Die if-Konstruktion des Programms sieht so aus:

if( (!zahl1) || (!zahl2) )

In Worten ausgedrückt, sähe das etwa folgendermaßen aus: Ist der Wert zahl1 gleich 0 ODER der Wert zahl2 gleich 0, dann ist die Bedingung wahr, und Sie haben eine 0 eingegeben. Sollte die erste Bedingung (!zahl1) schon wahr sein, so wird die zweite Bedingung (!zahl2) gar nicht mehr überprüft: Dies können Sie auch am Programmablaufplan erkennen.

Analog verhält es sich mit dem logischen UND-Operator (&&). Das Ergebnis dieser verknüpften Operanden gibt nur dann »wahr« zurück, wenn alle Operanden wahr sind. Den Programmablaufplan des logischen UND-Operators sehen Sie in Abbildung 8.7.

Abbildung 8.7 Programmablaufplan des logischen UND-Operators

Wiederum folgt zur Verdeutlichung ein Programmbeispiel:

/* logic_and.c */
#include <stdio.h>

int main(void) {
   int zahl;
   printf("Geben Sie einen Wert zwischen 10 und 20 ein: ");
   scanf("%d", &zahl);

   if( (zahl >= 10) && (zahl <= 20) )
      printf("Danke für die Eingabe! \n");
   else
      printf("Falsche Eingabe! \n");
   return 0;
}

In der Zeile

if( (zahl >= 10) && (zahl <= 20) )

prüfen Sie, ob die eingegebene Zahl einen Wert zwischen 10 und 20 besitzt. In Worten: Ist es wahr, dass die Zahl größer oder gleich 10 ist UND die Zahl auch kleiner gleich 20 ist, dann ist die Bedingung wahr.

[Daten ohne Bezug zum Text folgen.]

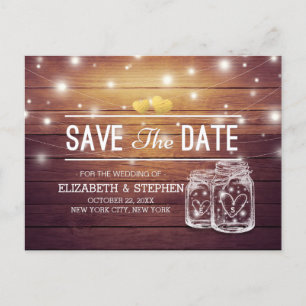 Save The Date Rustic Wood Mason Jar String Lights Announcement Postcard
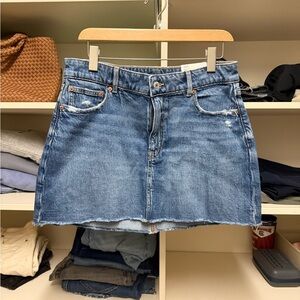 AE Stretch High-Waisted Perfect Denim Mini Skirt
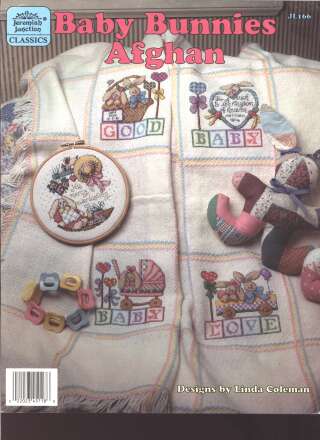 baby bunnies afghan, classics cross stitch leaflet JL166  **LAST ONE**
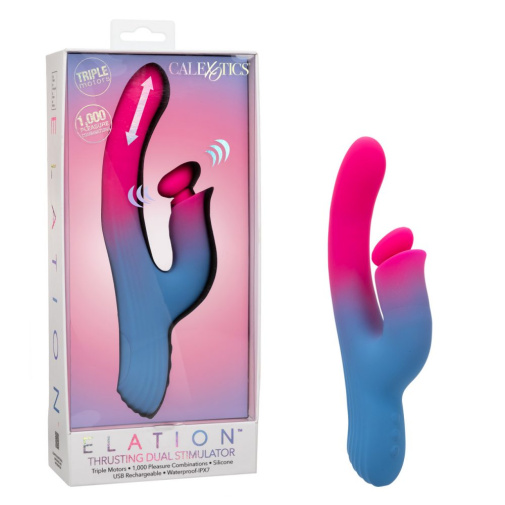 CEN - Elation Thrusting Dual Stimulator - Blue/Pink photo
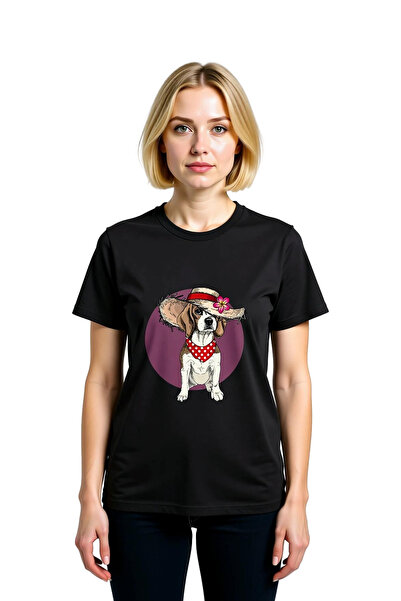 PayBuy Women's Graphic Printed Dog Portrait Round Neck Short Sleeve Relaxed F...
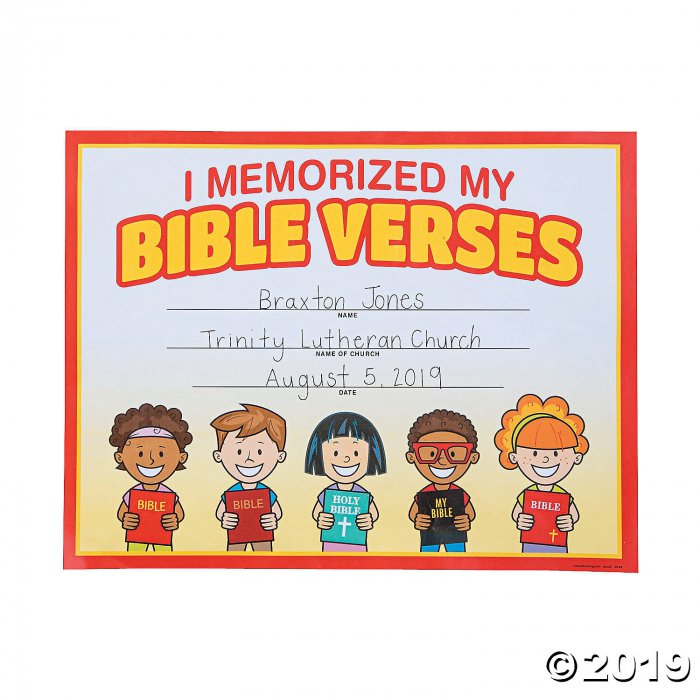 Bible Verse Memorization Certificates of Completion (25 Piece(s))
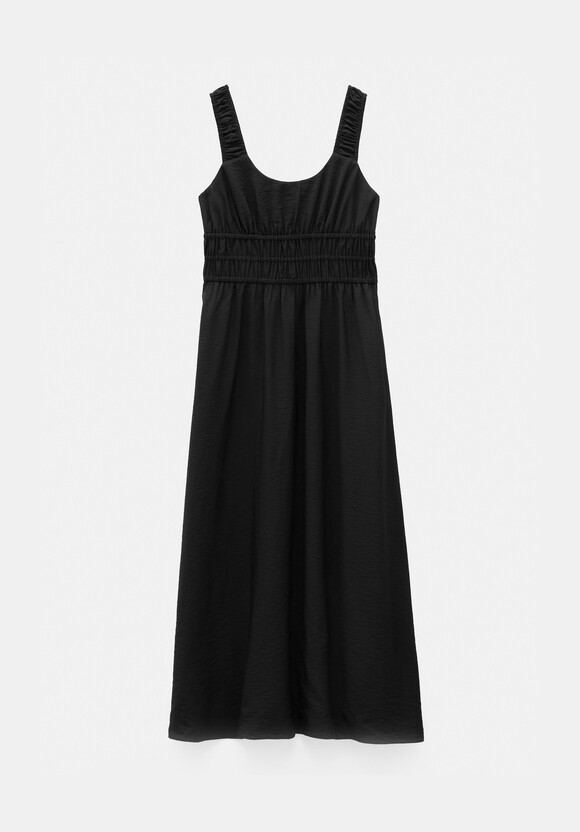 Air Flow Gathered Straps Midi Dress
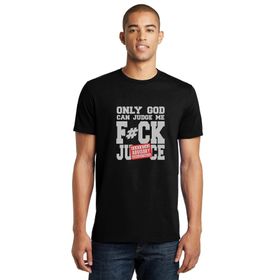 Qivi Only God Can Judge Me Fck Ju Ce Baskılı Siyah Erkek Örme T-shirt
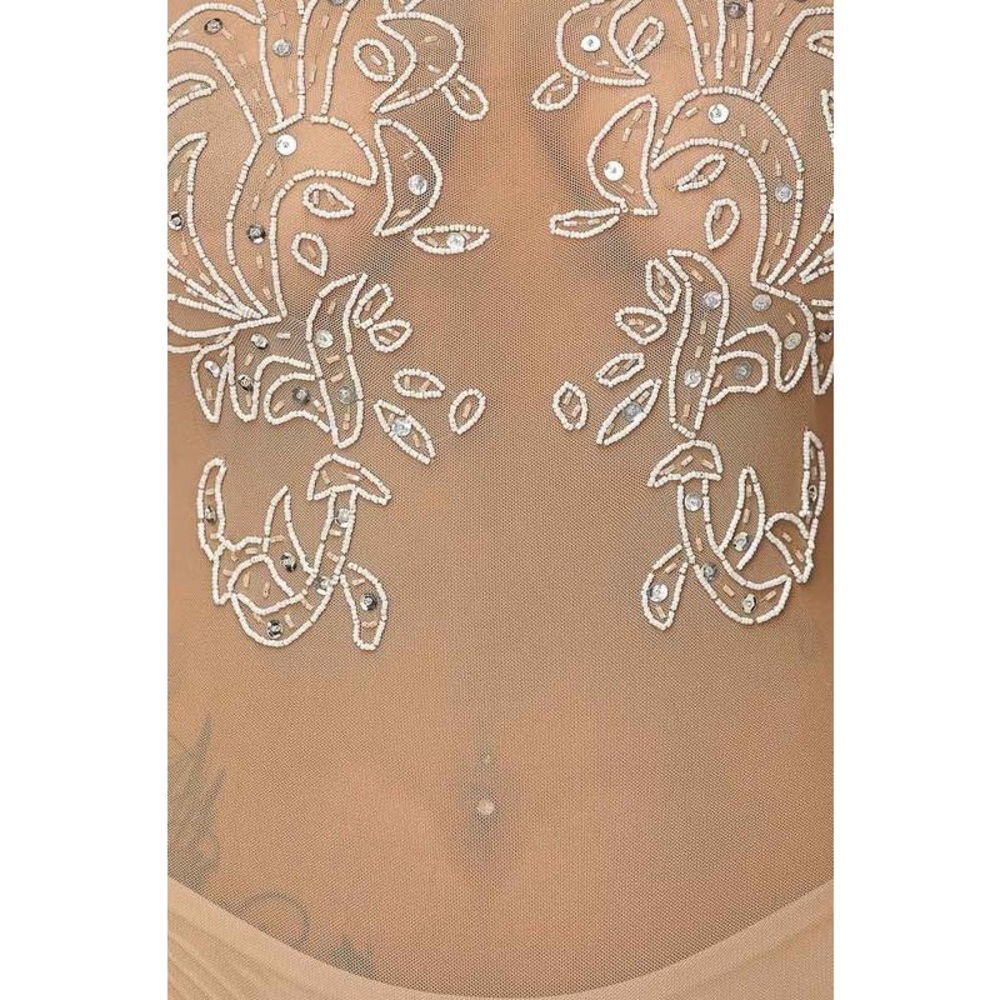 Windsor Nude Beaded Mesh Bodysuit - Picture 4 of 8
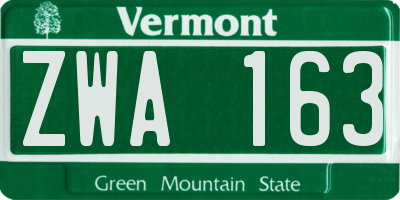 VT license plate ZWA163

Natürlich können Sie mit dem &&-Operator und dem ||-Operator weitere Bedingungen miteinander verknüpfen. Allerdings sollten Sie dabei die Lesbarkeit eines solchen Konstrukts im Auge behalten.


Hinweis

Als alternative Schreibweise für die logischen Operatoren && und || können Sie seit dem C99-Standard auch die Makros and und or verwenden, die beide in der Headerdatei <iso646.h> definiert sind.